Task objective:
Below are some records. Return exactly the lines from the one with "House for sale" to the one with "Chelsea Boot Brush", and nothing else.

Data records:
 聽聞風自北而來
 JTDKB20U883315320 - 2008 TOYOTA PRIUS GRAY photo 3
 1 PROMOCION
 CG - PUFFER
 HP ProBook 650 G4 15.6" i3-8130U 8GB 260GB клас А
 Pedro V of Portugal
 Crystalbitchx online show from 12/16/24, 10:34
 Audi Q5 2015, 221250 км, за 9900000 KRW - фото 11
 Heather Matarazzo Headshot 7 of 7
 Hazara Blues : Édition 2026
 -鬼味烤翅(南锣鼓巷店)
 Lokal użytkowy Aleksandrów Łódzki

--

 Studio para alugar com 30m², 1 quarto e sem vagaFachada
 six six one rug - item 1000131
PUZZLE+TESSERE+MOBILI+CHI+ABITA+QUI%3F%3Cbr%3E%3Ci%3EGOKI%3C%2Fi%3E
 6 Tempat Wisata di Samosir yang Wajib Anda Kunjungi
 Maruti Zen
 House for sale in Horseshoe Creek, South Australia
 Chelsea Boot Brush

==

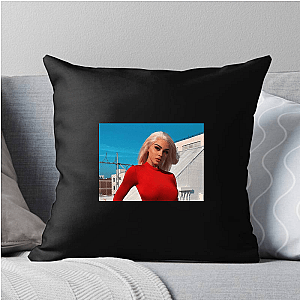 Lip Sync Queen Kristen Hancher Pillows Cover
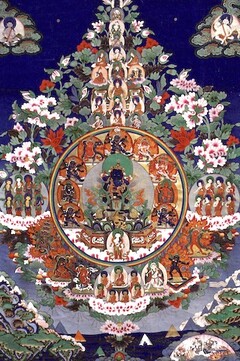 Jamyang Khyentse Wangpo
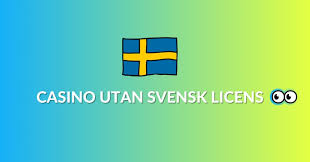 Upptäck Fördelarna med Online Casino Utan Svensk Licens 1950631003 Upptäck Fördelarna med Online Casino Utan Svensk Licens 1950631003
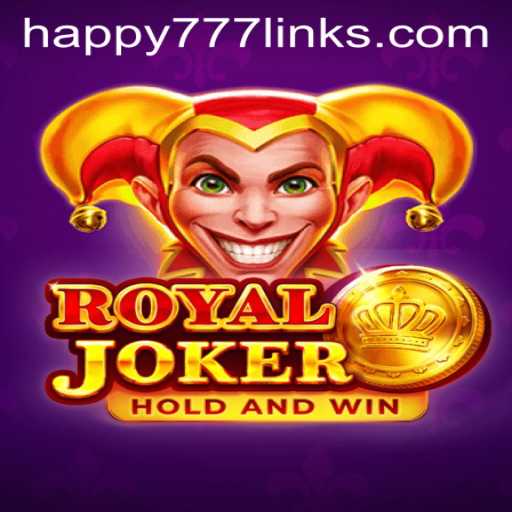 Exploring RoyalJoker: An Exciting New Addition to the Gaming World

Answer for the task:
 House for sale in Horseshoe Creek, South Australia
 Chelsea Boot Brush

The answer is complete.